The Michigan's Independent Citizens Redistricting Commission is scheduled to start deliberations on the maps on Tuesday and could continue to finalize them until Thursday.

The vote is the culmination of a process that began in 2018, when voters changed the state constitution and created a panel to handle the drawing of legislative boundaries every 10 years.

For years, the party in power in Lansing has drawn the districts after the decennial Census, a process that allowed Republicans to keep control of the Legislature and create what a federal court deemed a “gerrymander of historic proportions.”

Proposed maps would give Democrats — the party that receives the most statewide votes — an advantage in the majority of the seats in the state House, state Senate and Michigan’s congressional delegation. 

If voting patterns hold from 2020, Democrats would have an advantage to gain control of the state Legislature in 2022. Republicans have been in the majority in the state Senate since the 1980s, while the congressional delegation is now split 7-7 and losing a district because of stagnant population.

Once the maps are formalized, lawsuits challenging the districts are likely. Some Black Democrats have vowed to sue because the current proposals reduce the number of majority-minority districts.

Partisan fairness?

The commission spent weeks in public meetings and forums drafting the maps, which unlike ones put together by lawmakers in years past, do not take incumbency into account.

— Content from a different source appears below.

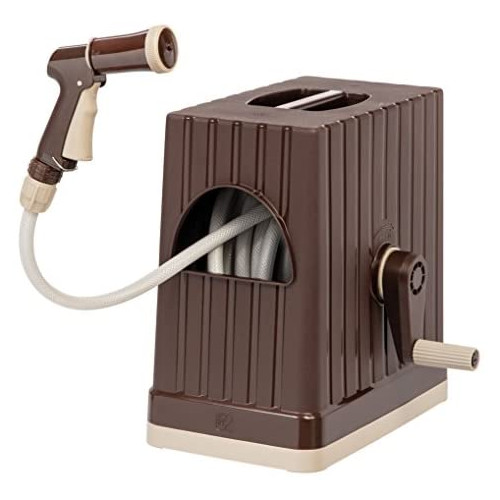 IRIS USA, FHEX-15 All-in-One Retractable Hose Reel Box with Hose and Nozzle, 48 ft, Brown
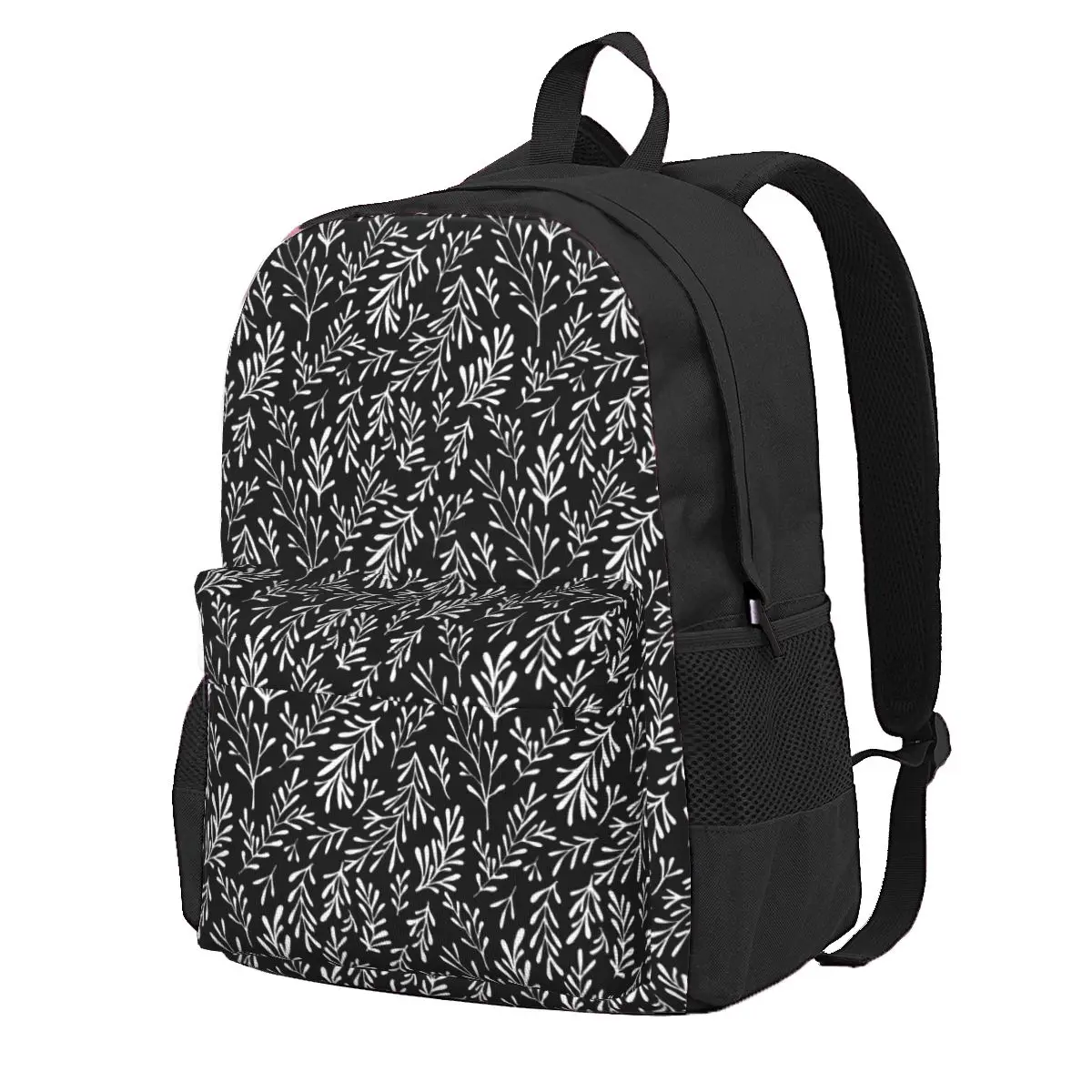

White Leaf Backpack Plant Print Hiking Backpacks Women Fun School Bags Designer Durable Rucksack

A Bridge Michigan analysis found there are up to three dozen proposed state House and state Senate and U.S. House districts without an incumbent, and another 11 that would have more than one incumbent.

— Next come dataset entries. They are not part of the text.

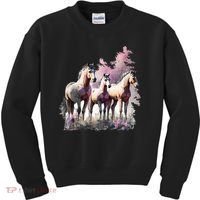 Horses Flowers Wild Mane Boho Western Southern Cow Kids Sweatshirt thumb 0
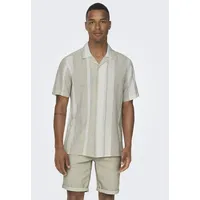 ONLY & SONS Herren Leinen Hemd »ONSCAIDEN STRIPE LINEN RESORT NOOS«, Gr. M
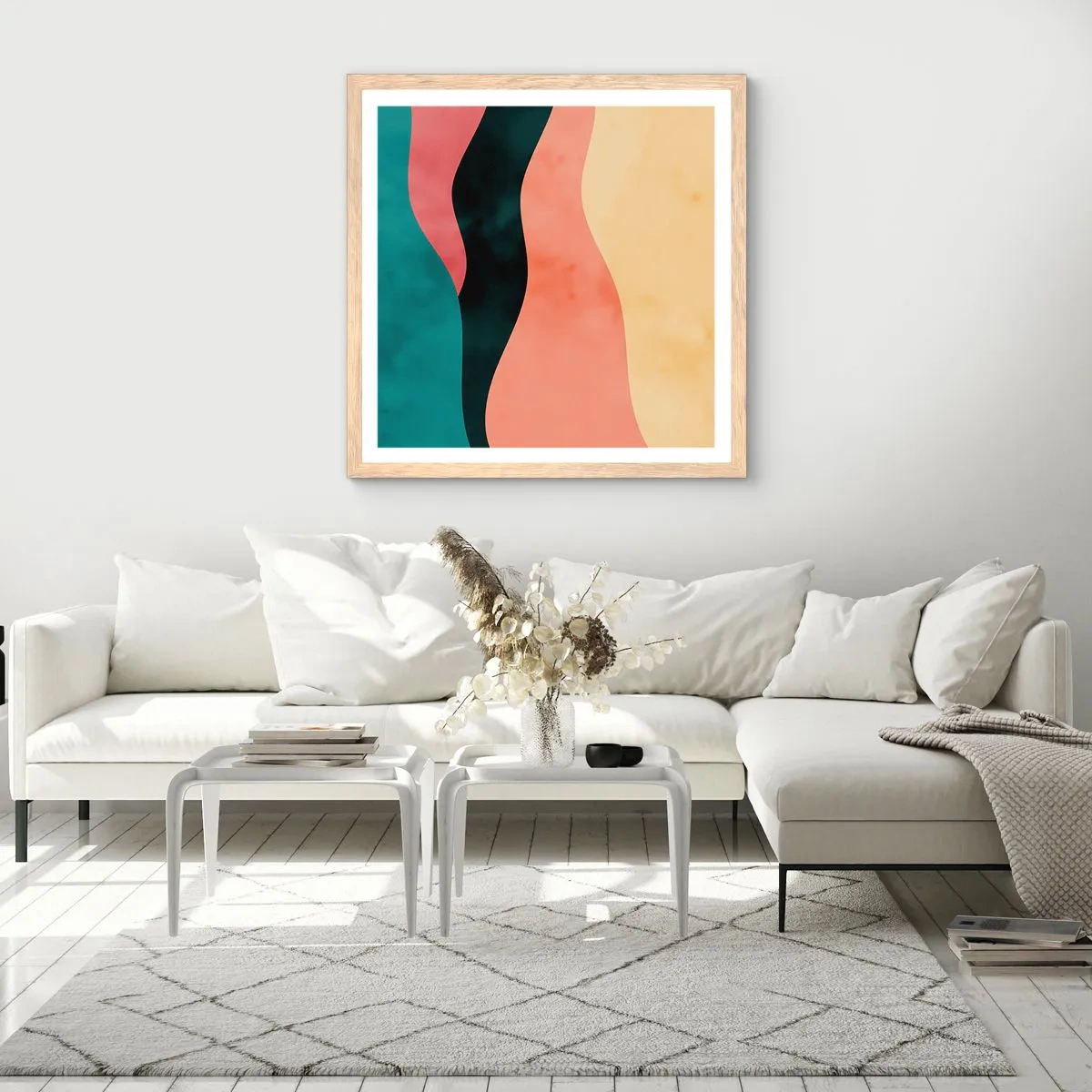 Plagát v ráme zo svetlého duba - Kompatibilný nesúlad - 60x60 cm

The commission crafted the maps using  a ranked criteria, along with partisan fairness metrics based on previous election results, to draw the new districts.

Unlike previous maps, the districts typically do not stay within county or city lines. The commission did so to try to “unpack” districts — ones that are lopsided for one party — and make them more fair, but doing so caused a backlash from Black voters and community activists. 

The redistricting commission contends minorities can elect candidates of their choosing with districts that aren’t overwhelmingly composed of people of color.

So, they have lowered the number of majority-minority districts (districts where over 51 percent of the population belongs to a racial minority group) from 17 in the state House, Senate and congressional delegation to a handful.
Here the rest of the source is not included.